Nvidia CEO Jensen Huang took to the stage at GTC Japan to announce the company's latest advancements in AI, which includes the new Tesla T4 GPU. This new GPU, which Nvidia designed for inference workloads in hyperscale data centers, leverages the same Turing microarchitecture as Nvidia's forthcoming GeForce RTX 20-series gaming graphics cards.
But the Tesla T4 is a unique graphics card designed specifically for AI inference workloads, like neural networks that process video, speech, search engines, and images. Nvidia's previous-gen Tesla P4 fulfilled this role in the past, but Nvidia claims the new model offers up to 12 times the performance within the same power envelope, possibly setting a new bar for power efficiency in inference workloads.
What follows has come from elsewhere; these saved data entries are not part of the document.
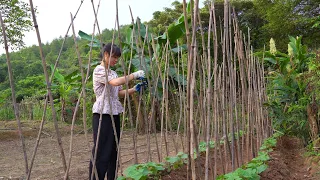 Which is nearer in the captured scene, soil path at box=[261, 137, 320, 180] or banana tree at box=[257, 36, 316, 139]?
soil path at box=[261, 137, 320, 180]

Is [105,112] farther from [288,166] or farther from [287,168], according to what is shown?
[288,166]

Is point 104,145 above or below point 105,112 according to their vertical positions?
below

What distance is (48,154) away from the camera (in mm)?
4625

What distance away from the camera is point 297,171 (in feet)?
11.3

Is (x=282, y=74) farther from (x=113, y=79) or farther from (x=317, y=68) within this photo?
(x=113, y=79)

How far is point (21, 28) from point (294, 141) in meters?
5.70

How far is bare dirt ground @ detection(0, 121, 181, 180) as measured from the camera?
3.30 meters

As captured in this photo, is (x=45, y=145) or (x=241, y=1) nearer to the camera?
(x=45, y=145)

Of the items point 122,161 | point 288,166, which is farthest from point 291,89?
point 122,161

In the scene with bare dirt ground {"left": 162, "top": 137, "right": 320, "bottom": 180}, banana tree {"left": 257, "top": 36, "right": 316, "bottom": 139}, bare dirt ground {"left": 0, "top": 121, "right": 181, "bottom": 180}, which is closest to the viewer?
bare dirt ground {"left": 162, "top": 137, "right": 320, "bottom": 180}

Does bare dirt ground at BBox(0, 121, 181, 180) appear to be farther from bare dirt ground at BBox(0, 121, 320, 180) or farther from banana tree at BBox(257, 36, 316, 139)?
banana tree at BBox(257, 36, 316, 139)

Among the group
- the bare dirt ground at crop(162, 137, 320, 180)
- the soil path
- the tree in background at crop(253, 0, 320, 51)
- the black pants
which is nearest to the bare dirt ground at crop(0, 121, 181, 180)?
the black pants

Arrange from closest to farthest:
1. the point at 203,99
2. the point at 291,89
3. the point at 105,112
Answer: the point at 203,99, the point at 105,112, the point at 291,89

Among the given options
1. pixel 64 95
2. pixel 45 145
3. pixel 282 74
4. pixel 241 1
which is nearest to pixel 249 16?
pixel 241 1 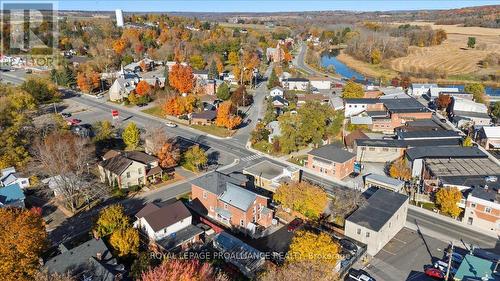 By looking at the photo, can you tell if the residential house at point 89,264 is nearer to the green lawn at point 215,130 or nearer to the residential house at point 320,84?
the green lawn at point 215,130

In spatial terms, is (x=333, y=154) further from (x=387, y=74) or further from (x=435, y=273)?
(x=387, y=74)

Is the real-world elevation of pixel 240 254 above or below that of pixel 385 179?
below

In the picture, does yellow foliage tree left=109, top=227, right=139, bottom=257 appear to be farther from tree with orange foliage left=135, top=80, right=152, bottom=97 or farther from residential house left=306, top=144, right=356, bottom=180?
tree with orange foliage left=135, top=80, right=152, bottom=97

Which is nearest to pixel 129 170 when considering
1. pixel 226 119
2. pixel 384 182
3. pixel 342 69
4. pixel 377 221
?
pixel 226 119

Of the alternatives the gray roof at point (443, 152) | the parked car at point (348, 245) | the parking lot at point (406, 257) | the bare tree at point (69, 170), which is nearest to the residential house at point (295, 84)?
the gray roof at point (443, 152)

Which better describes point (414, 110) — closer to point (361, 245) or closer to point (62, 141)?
point (361, 245)

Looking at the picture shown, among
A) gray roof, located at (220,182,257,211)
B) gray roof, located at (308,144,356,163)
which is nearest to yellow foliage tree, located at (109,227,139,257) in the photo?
gray roof, located at (220,182,257,211) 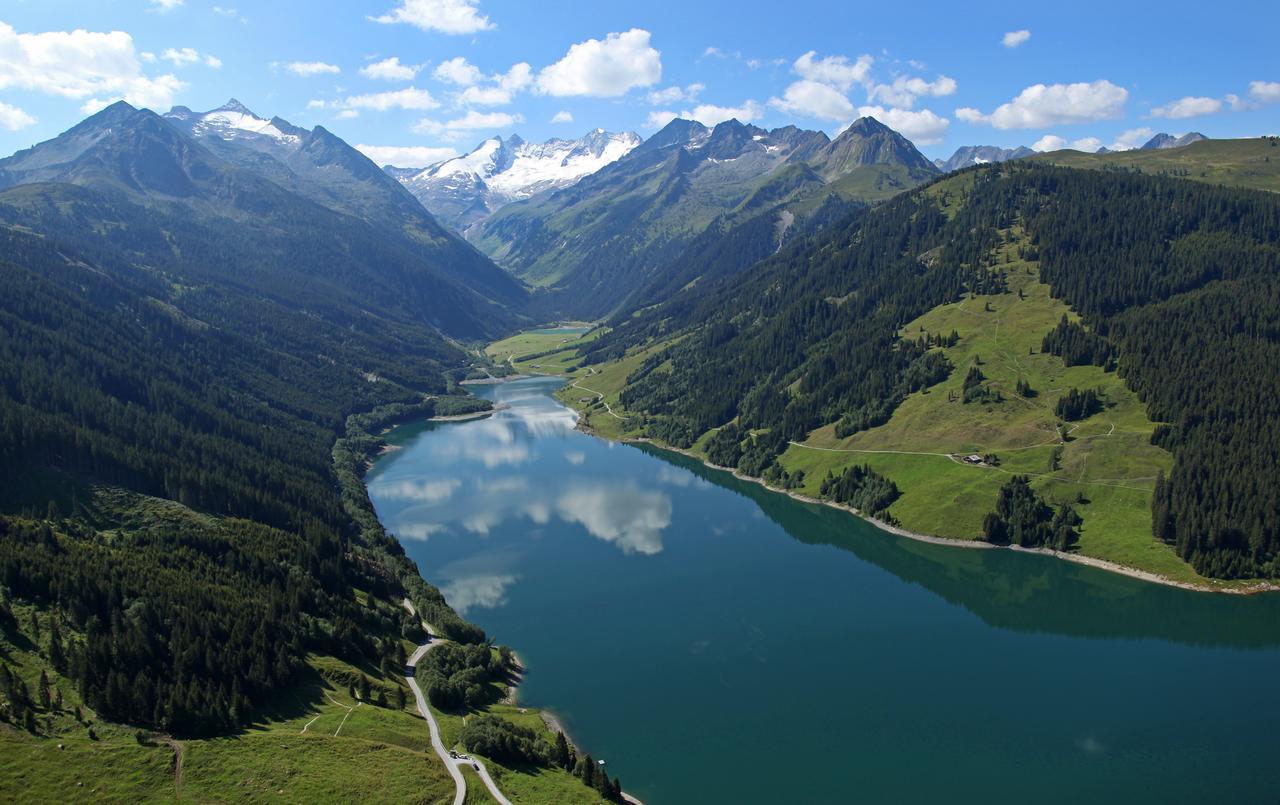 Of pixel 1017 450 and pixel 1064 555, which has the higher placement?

Row 0 - Cell 0 | FP16 | INT8 | INT4 |
Nvidia Tesla T4 (TFLOPS) | 65 | 130 | 260 |
Nvidia Tesla P4 (TFLOPS) | 5.5 | 22 | - |
The Tesla T4 GPU comes equipped with 16GB of GDDR6 that provides up to 320GB/s of bandwidth, 320 Turing Tensor cores, and 2,560 CUDA cores. The T4 features 40 SMs enabled on the TU104 die to optimize for the 75W power profile.
The GPU supports mixed-precision, such as FP32, FP16, and INT8 (performance above). The Tesla T4 also features an INT4 and (experimental) INT1 precision mode, which is a notable advancement over its predecessor.
Like its predecessor, the low-profile Tesla T4 consumes just 75 watts and slots into a standard PCIe slot in servers, but it doesn't require an external power source (like a 6-pin connector). The cards' low-power design doesn't require active cooling (like a fan)–the high linear airflow inside of a typical server will suffice. Nvidia tells us that the die does come equipped with RT Cores, just like the desktop models, but that they will be useful for raytracing or VDI (Virtual Desktop Infrastructure), implying they won't be used for most inference workloads.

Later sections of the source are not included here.